Variance of Population = 26.0700456 and

Variance of Sample = 0.6562298

As per C.L.T the relationship between variance of sample distribution and that of population distribution is

\[\sigma_x^2=\sigma^2/n\]

Where \(\sigma_x^2\) is variance of Sample Mean and \(\sigma^2\) is variance of population. Hence,

\[n=\sigma^2/\sigma_x^2\]

Comparing our population variance and sample variance

calculated_var_sample<-var_population/n

We can see that this 0.6517511 is approximately equal to our variance sample which is 0.6562298.

Also we can see the variance in our figure which is much less than population variance as explained by C.L.T.

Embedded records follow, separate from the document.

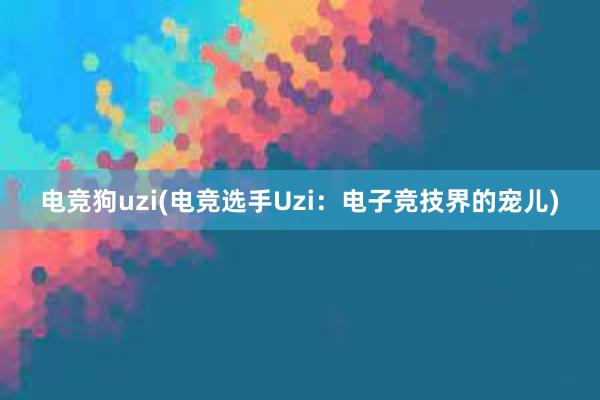 电竞狗uzi(电竞选手Uzi：电子竞技界的宠儿)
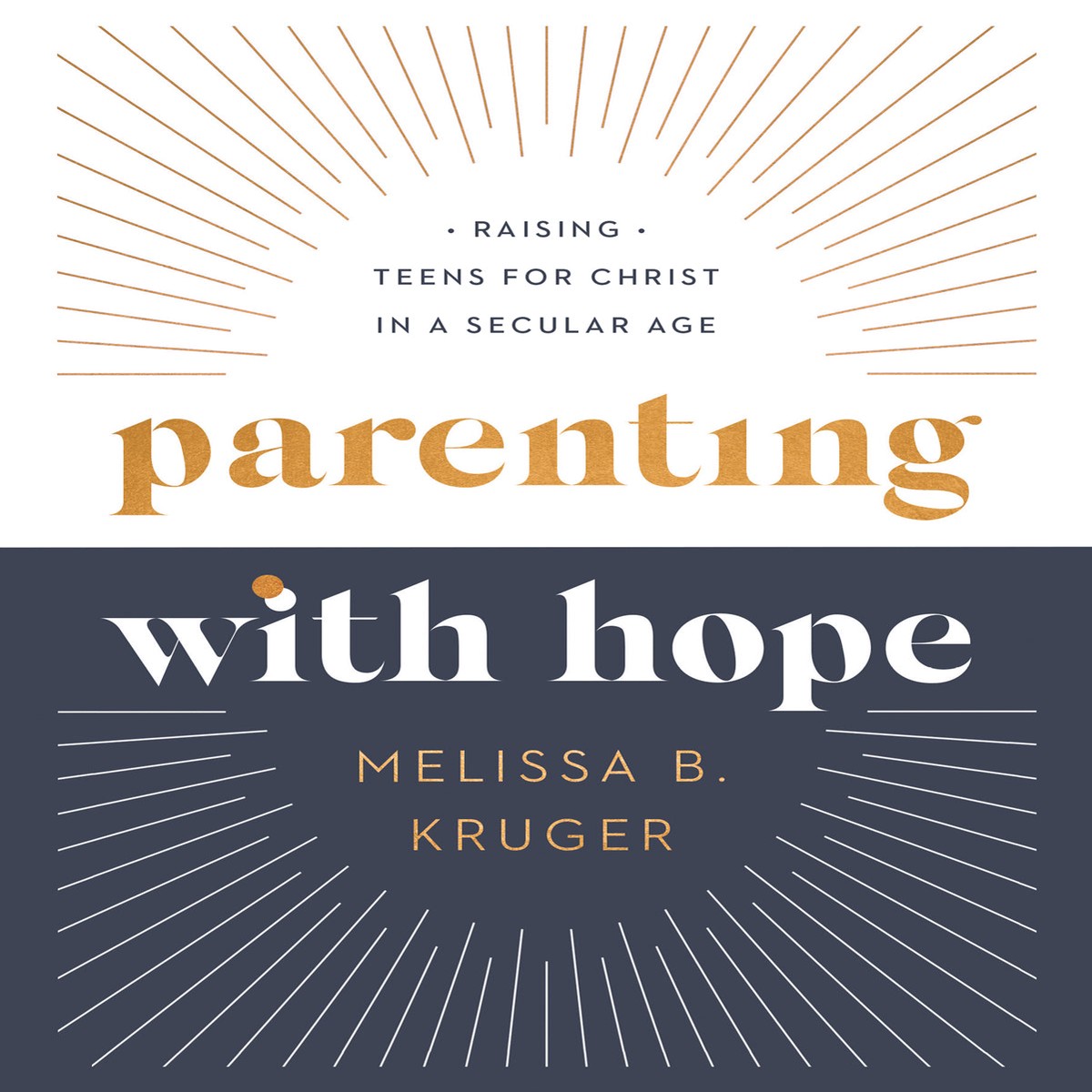 Parenting with Hope: Raising Teens for Christ in a Secular Age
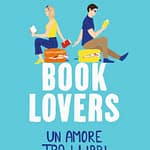 BOOK LOVERS – UN AMORE TRA I LIBRI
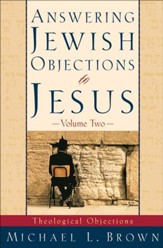 Answering Jewish Objections to Jesus: Theological Objections - eBook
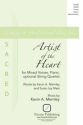 Kevin A. Memley, Artist of the Heart SATB Choral Score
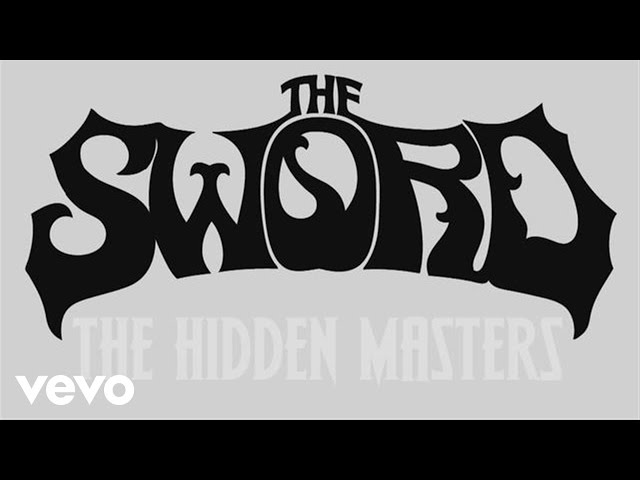 The Sword - The Hidden Masters (Official Lyric Video) class=
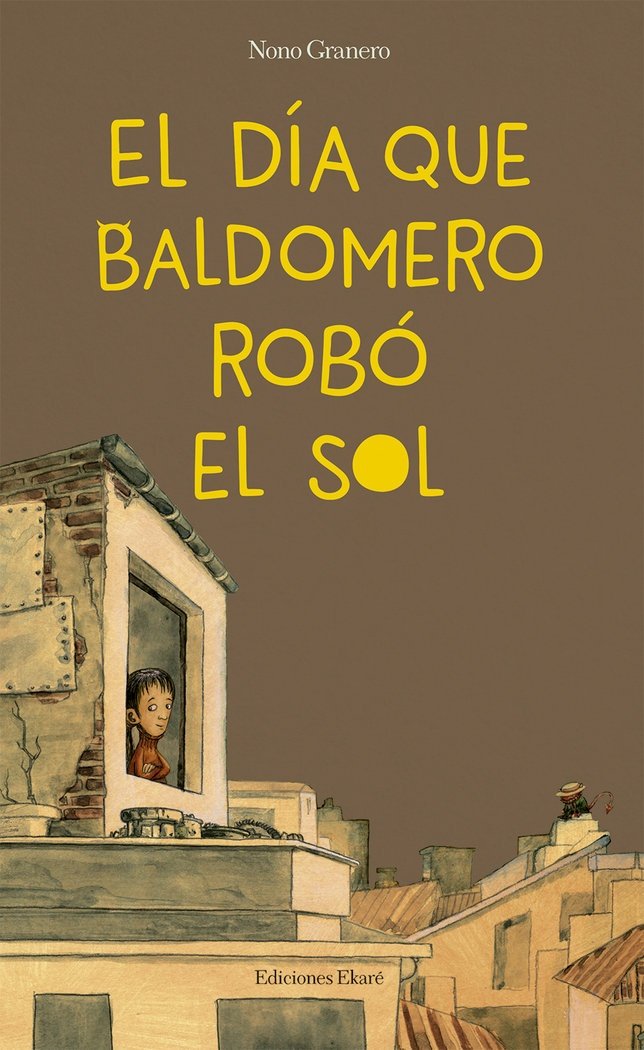 El día que Baldomero robó el sol Social Sciences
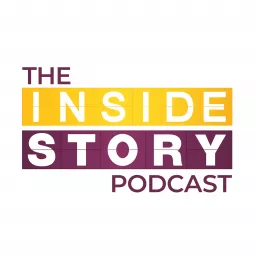 The Inside Story Podcast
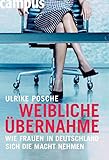 Weibliche Übernahme: Wie Frauen in Deutschland sich die Macht nehmen by Ulrike Posche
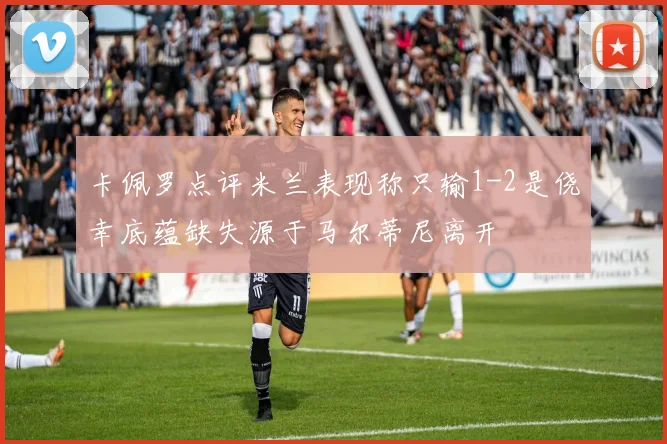 卡佩罗点评米兰表现称只输1-2是侥幸底蕴缺失源于马尔蒂尼离开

g2<-ggplot(data.frame(seq_along(1:length(sample)),sample))+aes(sample)+geom_histogram(aes(fill=..count..))
g2<-g2+labs(x="Sample",y="Frequency",title="Sample Distribution")
g2<-g2+geom_vline(xintercept = mean_sample+var_sample,col='gray',linetype="longdash",size=1)
g2<-g2+geom_vline(xintercept = mean_sample-var_sample,col='gray',linetype="longdash",size=1)
g2<-g2+geom_text(x=mean_sample+var_sample,y=0,label=round(mean_sample+var_sample,2),vjust=1)
g2<-g2+geom_text(x=mean_sample-var_sample,y=0,label=-round(mean_sample-var_sample,2),vjust=1)
g2<-g2+geom_text(x=mean_sample+var_sample,y=max(sample),label="+sigma",angle=90,vjust=2,hjust=-0.5)
g2<-g2+geom_text(x=mean_sample-var_sample,y=max(sample),label="-sigma",angle=90,vjust=2,hjust=-0.5)
g2

Distribution

Here we can plot the actual population distribution and distribution of averages of population distribution.

Population Distribution

Plotting the population distribution via ggplot2 plotting.

g3<-ggplot(data.frame(seq_along(1:length(population)),population))+aes(population)+geom_histogram(aes(fill=..count..))
g3<-g3+geom_vline(xintercept = mean_population,col='gray',linetype="longdash",size=1)
g3<-g3+labs(x="Population",y="Frequency",title="Population Distribution")
g3<-g3+geom_text(x=mean_population,y=0,label=round(mean_population,2),vjust=1)
g3<-g3+geom_text(x=mean_population,y=max(population),label="mean",angle=90,vjust=1)
g3

We can see that the distribution of population is not uniform.

Distribution of Sample Mean

g4<-ggplot(data.frame(seq_along(1:length(sample)),sample))+aes(sample)+geom_histogram(aes(fill=..count..))
g4<-g4+geom_vline(xintercept = mean_sample,col='gray',linetype="longdash",size=1)
g4<-g4+labs(x="Sample",y="Frequency",title="Sample Distribution")
g4<-g4+geom_text(x=mean_sample,y=0,label=round(mean_sample,2),vjust=1)
g4<-g4+geom_text(x=mean_sample,y=max(sample),label="mean",angle=90,vjust=1)
g4

Here we can see that even though the distribution of orignal population is not normal but the distribution of sample mean/averages is approximately Normally Distributed which is as per Central Limit Theorem.